Mari Oliveira, também estudante de História, é coordenadora geral do Diretório Central dos Estudantes da UFMG. O DCE se mobiliza em diversas frentes e causas em favor do direito dos estudantes, uma dessas pautas defendidas é o passe estudantil. Ela comenta a questão do impacto financeiro na vida desses alunos:

Mari

“No momento que a gente está vivendo, a gente está debatendo muito sobre a precarização das políticas de assistência estudantil da nossa universidade, né? Tipo assim, a UFMG é considerada uma das maiores universidades do país, mas mesmo assim, o cenário que a gente vive é de que, enfim, essas políticas hoje são extremamente insuficientes para garantir a permanência do corpo estudantil, assim, como um todo. E quando a gente faz esse debate de assistência estudantil, muita gente esquece sobre como isso engloba o transporte. O auxílio da FUMP hoje inclusive, falamos, debatemos sobre isso na Assembleia Geral também, o auxílio da FUMP hoje é muito baixo. Tipo assim, ele paga a ida e a volta, por exemplo, de um estudante que precisa pegar um ônibus. Se esse ônibus for 4,50, né? Então tipo assim, durante o período que Belo Horizonte ficou com a passagem a 6 reais, o auxílio não cobria a ida e a volta desse estudante. E se o estudante mora na região metropolitana e precisa se deslocar usando o Move metropolitano, ele cobre metade do mês. Então, é isso, sabe? É uma política extremamente importante, mas extremamente insuficiente para a realidade que está colocada para a gente hoje. A passagem do metrô também, por exemplo, aumentou para 5,40. E esse valor extremamente baixo, ele… Enfim, impacta na evasão, sabe? Na permanência das pessoas na universidade. Porque é isso, vai no mais básico que é não ter como se deslocar mesmo para estudar, para acompanhar as aulas. E nem só para isso, né? Porque a gente tem que lembrar que a universidade é muito mais que a sala de aula. Então, para viver a vida universitária, para aproveitar os eventos, etc. E com certeza impacta nos índices de evasão que a gente tem, assim. Ainda mais considerando, por exemplo, que a região da Pampulha é afastada da região central de Belo Horizonte, né? Isso dificulta muito o deslocamento até lá, em especial se você mora na região metropolitana.

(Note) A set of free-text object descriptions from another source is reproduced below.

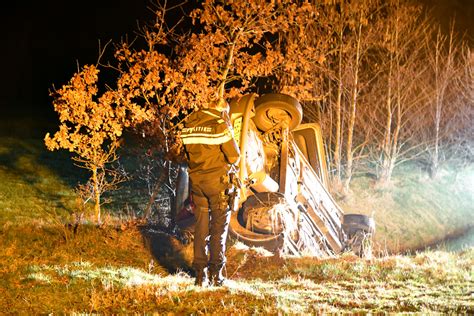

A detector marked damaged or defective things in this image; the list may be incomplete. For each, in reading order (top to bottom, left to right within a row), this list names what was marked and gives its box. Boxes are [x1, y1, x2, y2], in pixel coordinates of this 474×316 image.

overturned vehicle [174, 93, 374, 256]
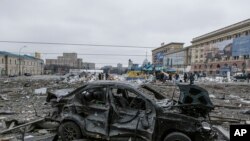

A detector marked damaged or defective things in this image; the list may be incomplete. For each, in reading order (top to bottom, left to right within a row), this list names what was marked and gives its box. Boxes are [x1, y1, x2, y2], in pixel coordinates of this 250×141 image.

burned car wreck [46, 81, 217, 140]
destroyed car [46, 81, 217, 140]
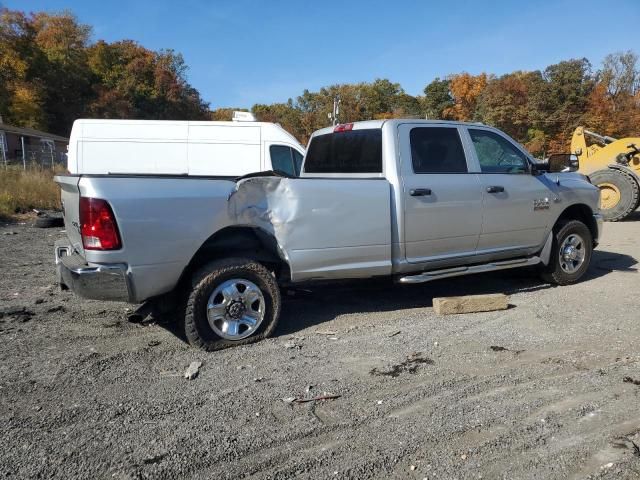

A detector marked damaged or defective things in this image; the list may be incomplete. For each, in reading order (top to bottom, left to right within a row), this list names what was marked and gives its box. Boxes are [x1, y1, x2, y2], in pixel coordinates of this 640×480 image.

Mari também fala como o DCE se mobiliza para atender esses direitos dos alunos:

Mari

“No geral a gente está travando lutas para que haja uma reorganização e uma expansão das políticas de assistência estudantil, das bolsas da FUMP, isso de forma geral, tá? Não só com esse auxílio em específico. A gente coloca, né, e tipo assim, se articula com outros DCEs, se articula com a UNE e com a UEE, que é a União Estadual dos Estudantes também, para que haja um debate nacional também, né, sobre, por exemplo, a recomposição orçamentária das universidades, porque é só assim que a gente vai conseguir de fato avançar nos nossos direitos, para que haja, né, agora a gente conseguiu avançar nessa última semana aqui o PNAES, que era o Programa Nacional de Assistência Estudantil está se tornando lei. Então a gente se posiciona publicamente nesse sentido, no sentido interno, dentro da universidade. A gente cobra por um aumento das bolsas no geral para que haja de fato uma priorização dos recursos da assistência estudantil, sabe? Porque, enfim, a gente sabe que é insuficiente. E no âmbito da cidade a gente está presente assim, tipo há muito tempo nos fóruns que debatem sobre isso. Então a gente articula com movimentos, por exemplo, como o Tarifa Zero, para debater não só o passe livre estudantil, mas de fato em direito da cidade, de fato a Tarifa Zero em Belo Horizonte, com outros DCEs e grêmios para cobrar o meio passe ou o passe livre estudantil. Várias capitais têm, infelizmente não é o caso de Belo Horizonte. Estive inclusive numa audiência pública na Câmara Municipal de BH pelo mandato da Isa Lourença para falar sobre isso, falar da urgência de termos o passe livre em BH. Nos articulamos em toda essa movimentação pro retorno da passagem a valor de 4,50, que para a gente é caro. Enfim, acho que um pouco isso. E claro, sempre convidando as pessoas para essas lutas também. E dentro da UFMG eu também esqueci de falar, mas debatemos sobre a urgência, tipo assim, é urgente que a gente tenha ônibus intercampi.”

A questão da mobilidade dos estudantes e os inúmeros impactos de se morar longe da universidade são assuntos necessários de serem colocados em pauta, não só pela questão do tempo gasto, mas, principalmente, financeira, que pode ser um fator que influencia negativamente na permanência dos estudantes na UFMG.